What the task requires
What you copy should be the lines from the one with "Isco celebra uno" through the end of the entries, word for word. Omit the pictures.

Stored items

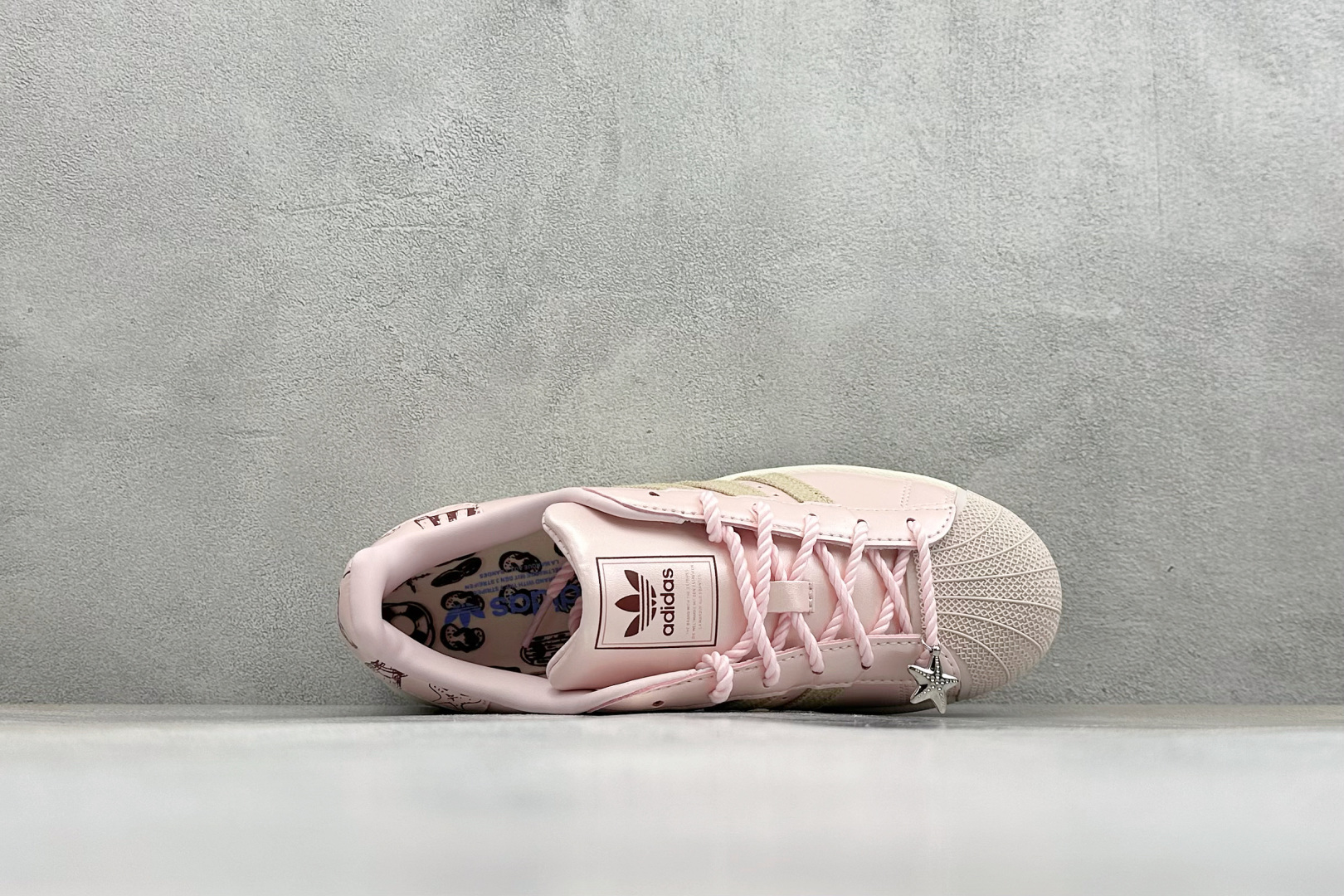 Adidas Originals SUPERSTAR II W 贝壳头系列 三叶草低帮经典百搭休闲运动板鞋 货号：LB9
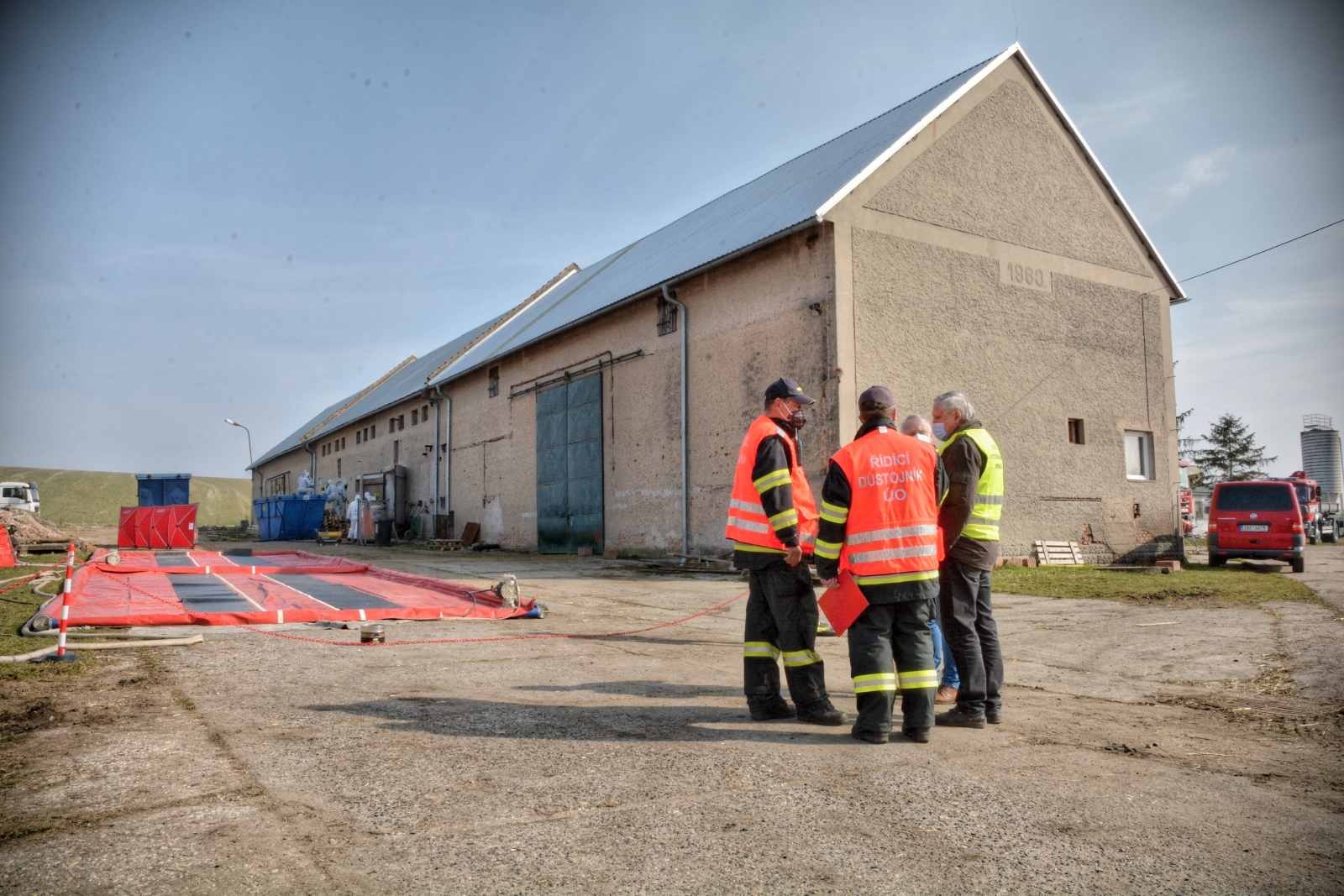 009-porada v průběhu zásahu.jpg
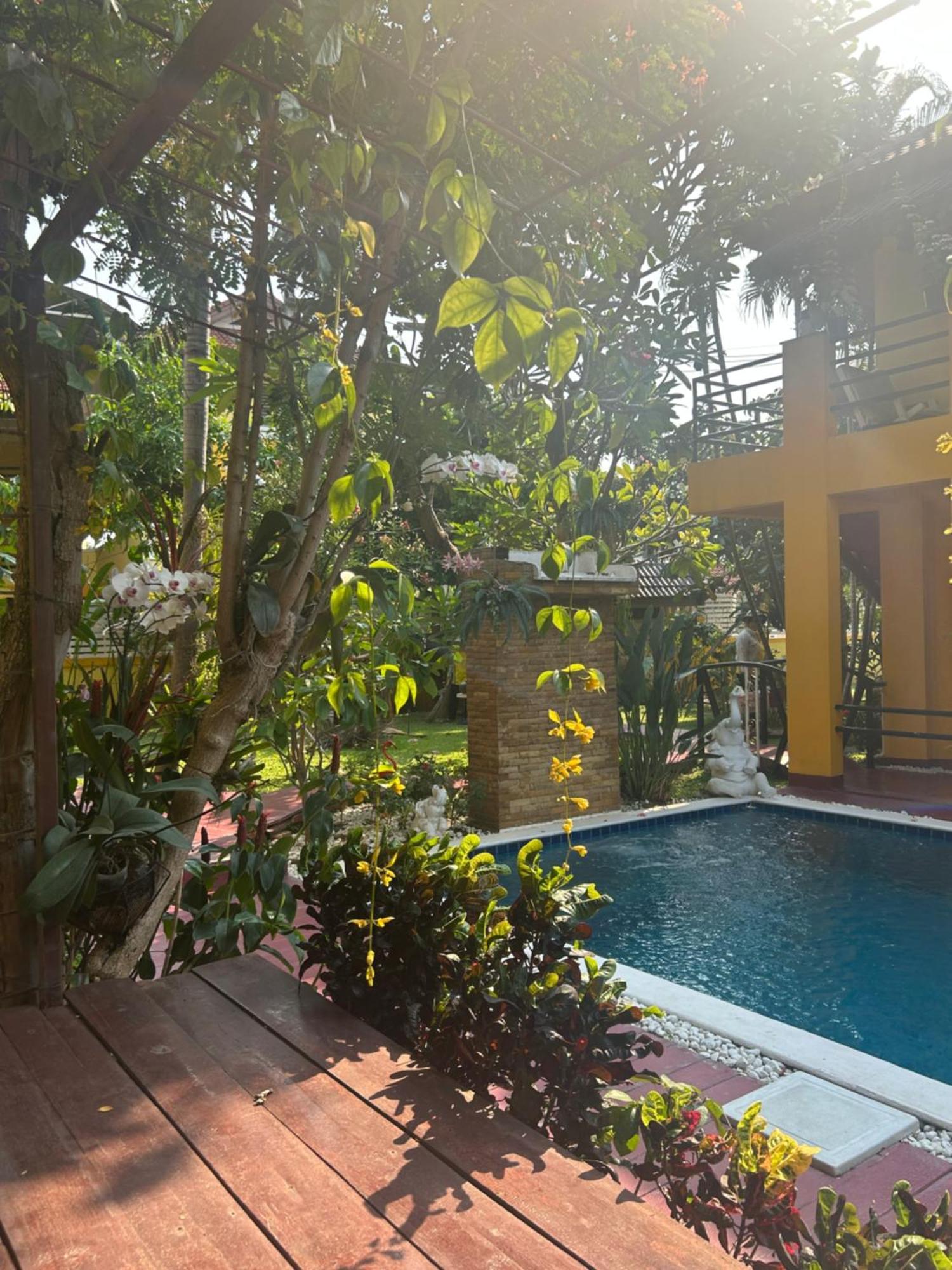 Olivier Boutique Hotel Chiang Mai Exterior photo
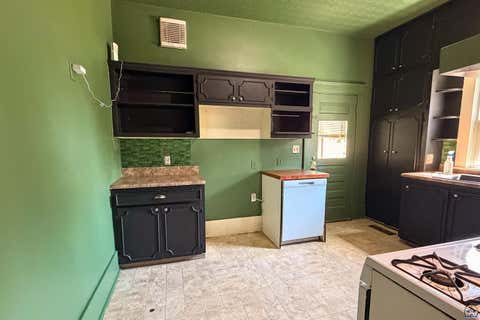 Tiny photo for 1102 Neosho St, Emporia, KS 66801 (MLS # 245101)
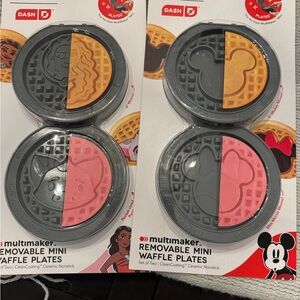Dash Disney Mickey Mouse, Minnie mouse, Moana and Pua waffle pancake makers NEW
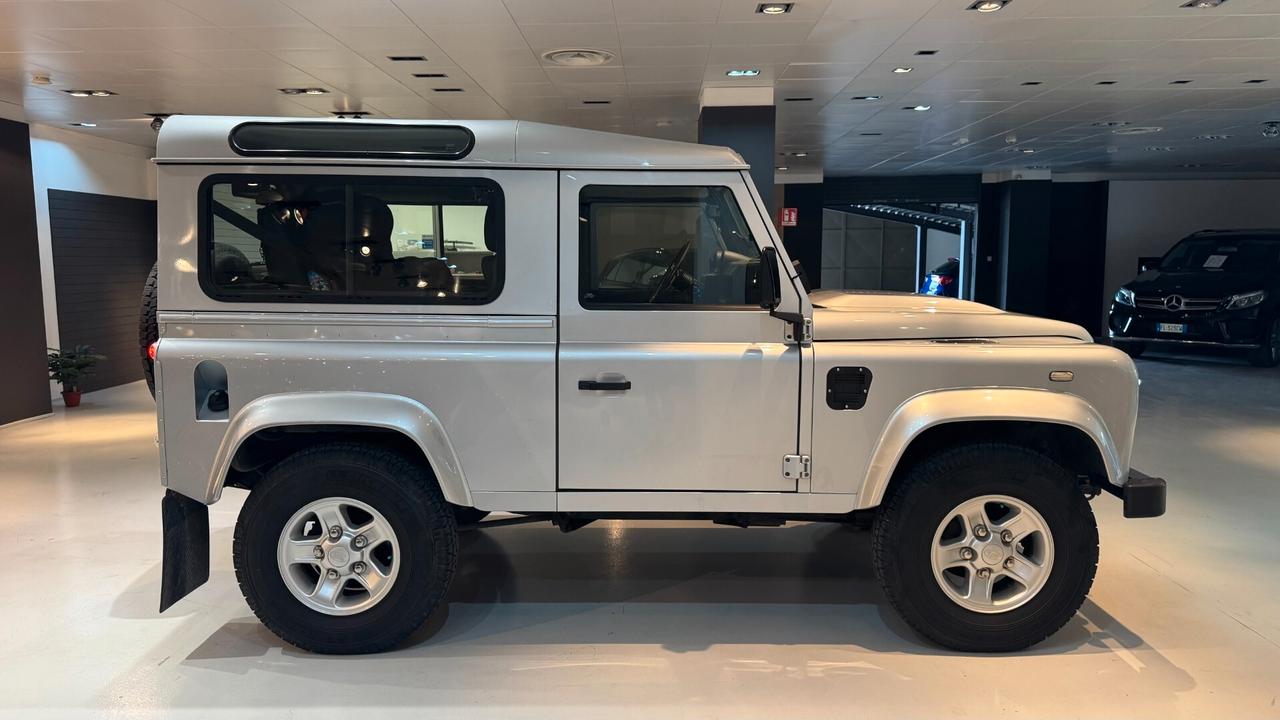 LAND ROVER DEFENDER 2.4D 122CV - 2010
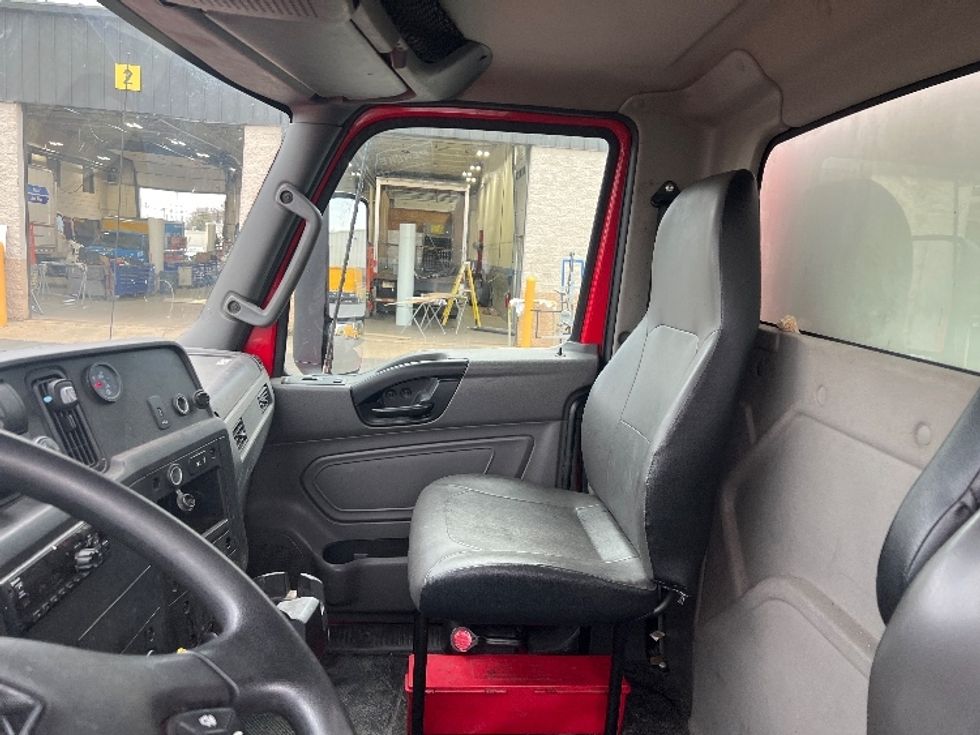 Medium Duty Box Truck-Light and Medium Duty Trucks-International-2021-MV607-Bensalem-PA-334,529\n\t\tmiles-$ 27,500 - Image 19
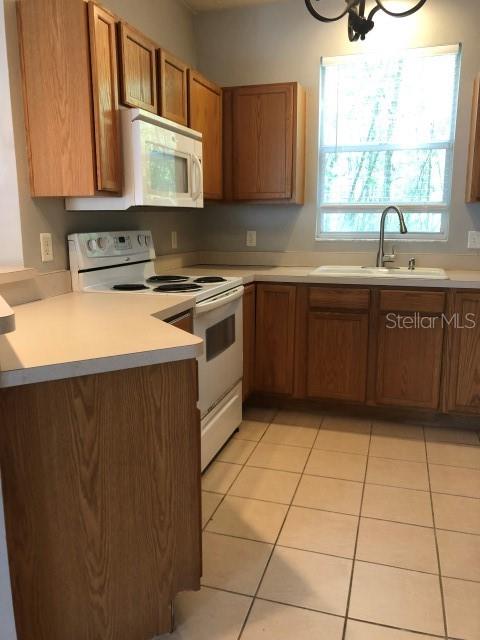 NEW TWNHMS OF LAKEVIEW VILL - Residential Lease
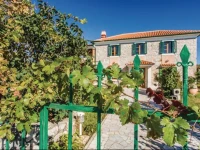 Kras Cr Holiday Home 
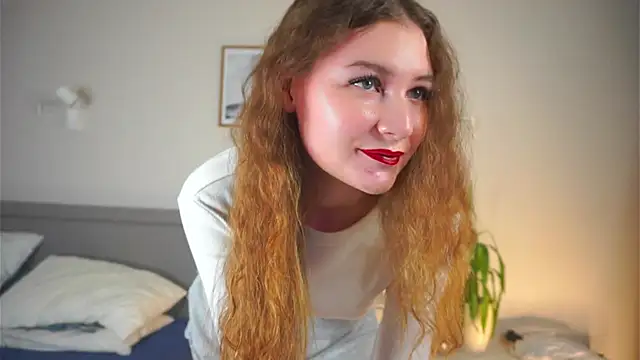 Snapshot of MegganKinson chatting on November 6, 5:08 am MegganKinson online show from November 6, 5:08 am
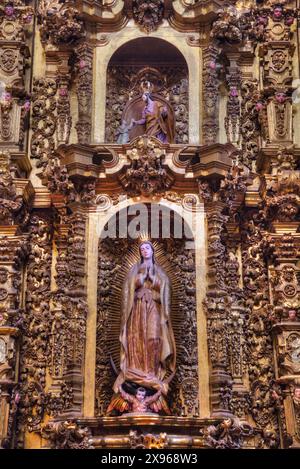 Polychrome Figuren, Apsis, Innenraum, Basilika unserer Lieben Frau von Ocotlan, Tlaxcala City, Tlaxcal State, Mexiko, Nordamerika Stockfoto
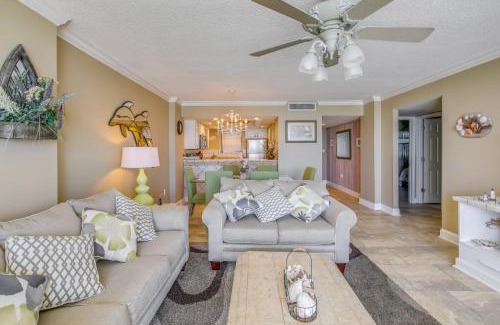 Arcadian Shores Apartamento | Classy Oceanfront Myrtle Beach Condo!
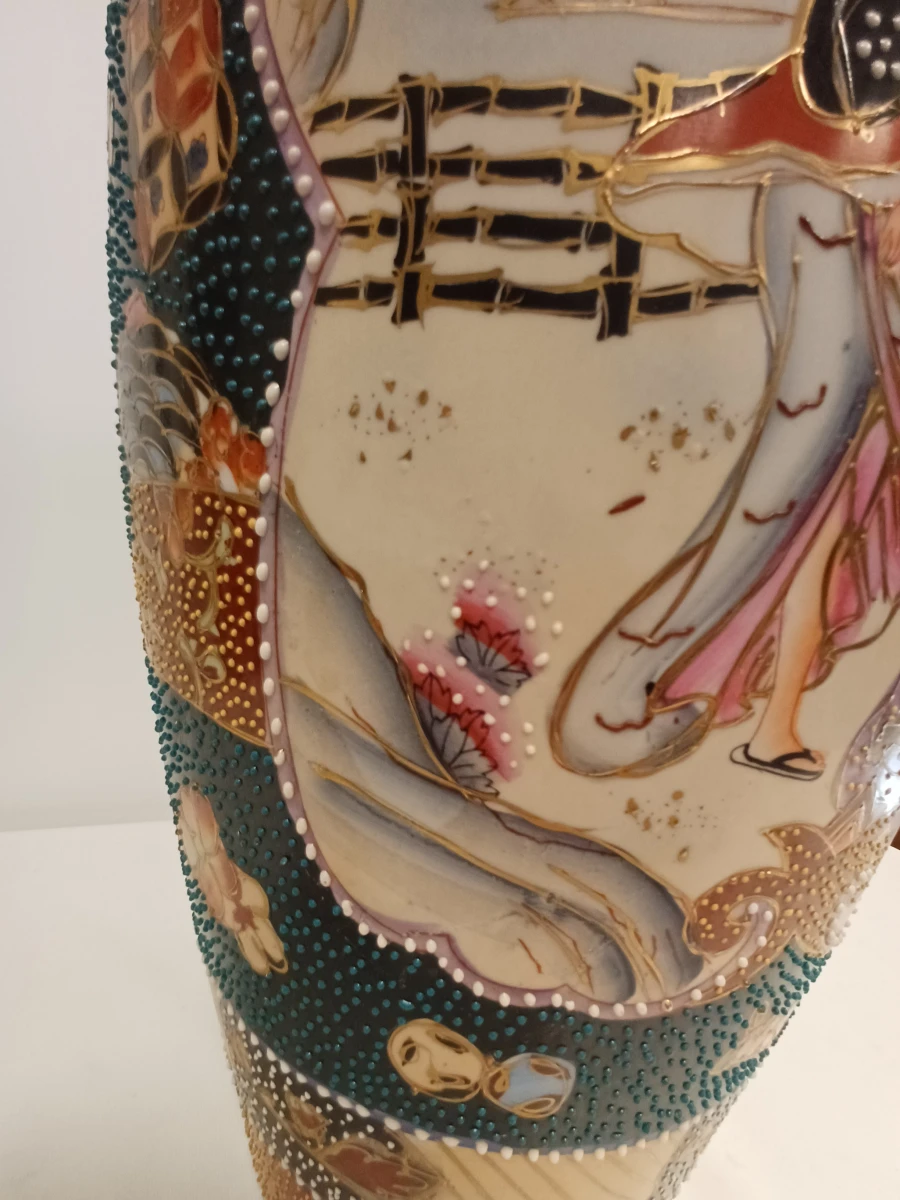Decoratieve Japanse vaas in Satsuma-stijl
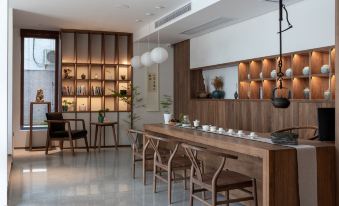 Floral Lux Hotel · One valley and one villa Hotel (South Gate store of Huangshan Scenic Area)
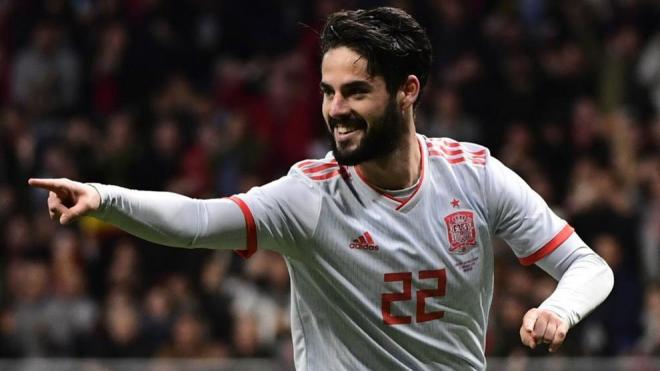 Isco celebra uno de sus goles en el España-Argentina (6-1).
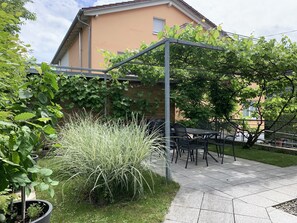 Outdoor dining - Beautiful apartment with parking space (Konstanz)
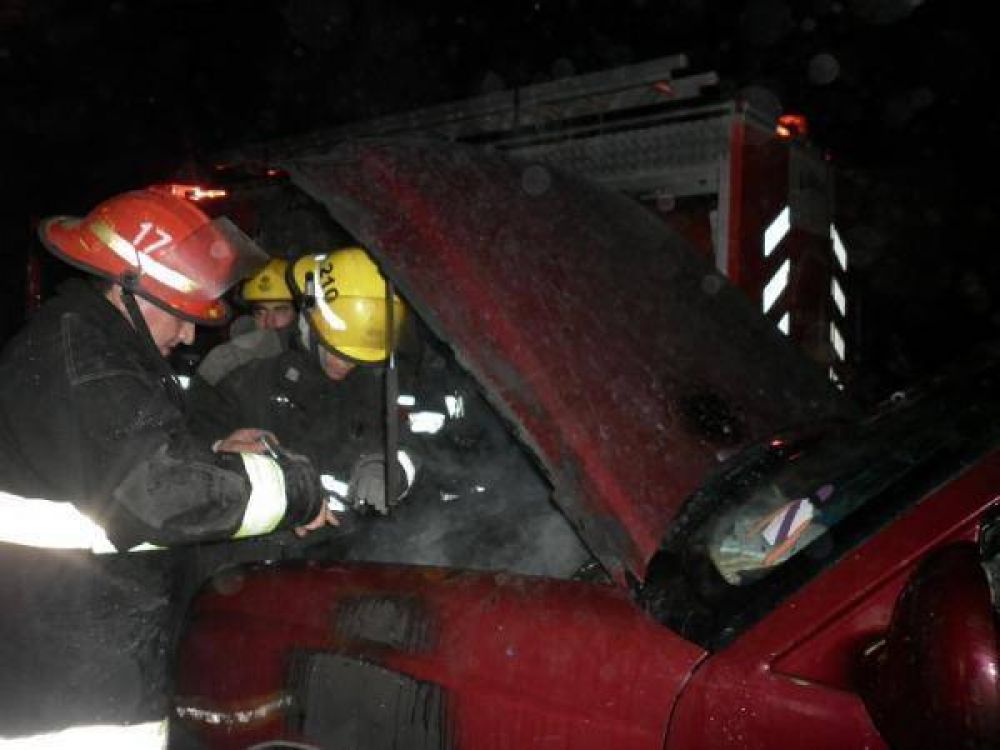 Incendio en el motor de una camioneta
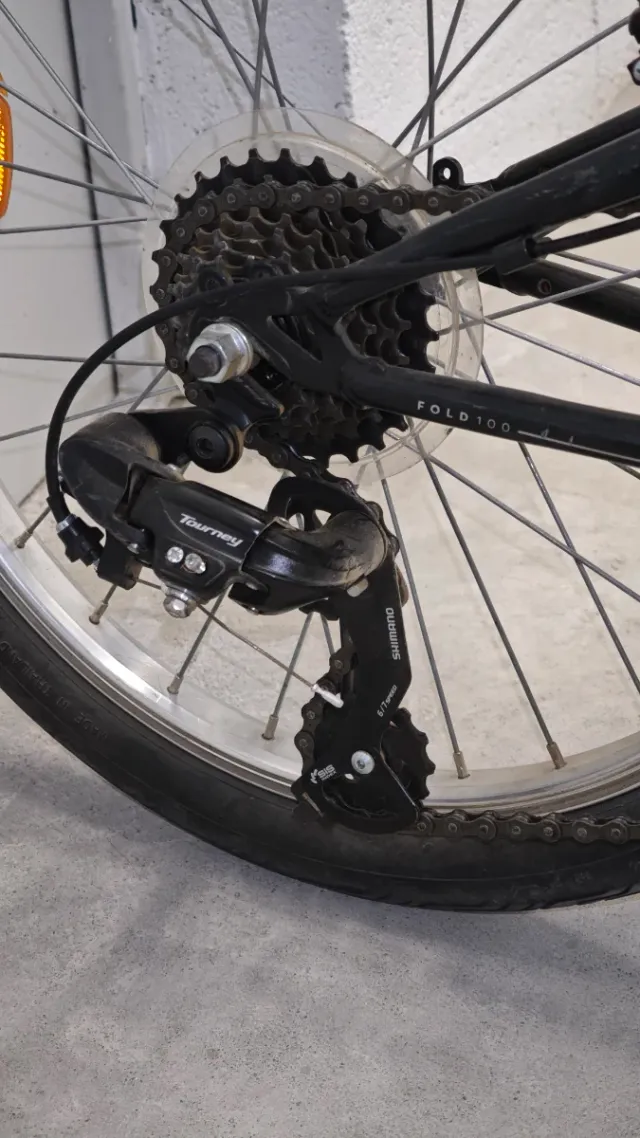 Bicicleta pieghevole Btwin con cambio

Task response
 Isco celebra uno de sus goles en el España-Argentina (6-1).
 Outdoor dining - Beautiful apartment with parking space (Konstanz)
 Incendio en el motor de una camioneta
 Bicicleta pieghevole Btwin con cambio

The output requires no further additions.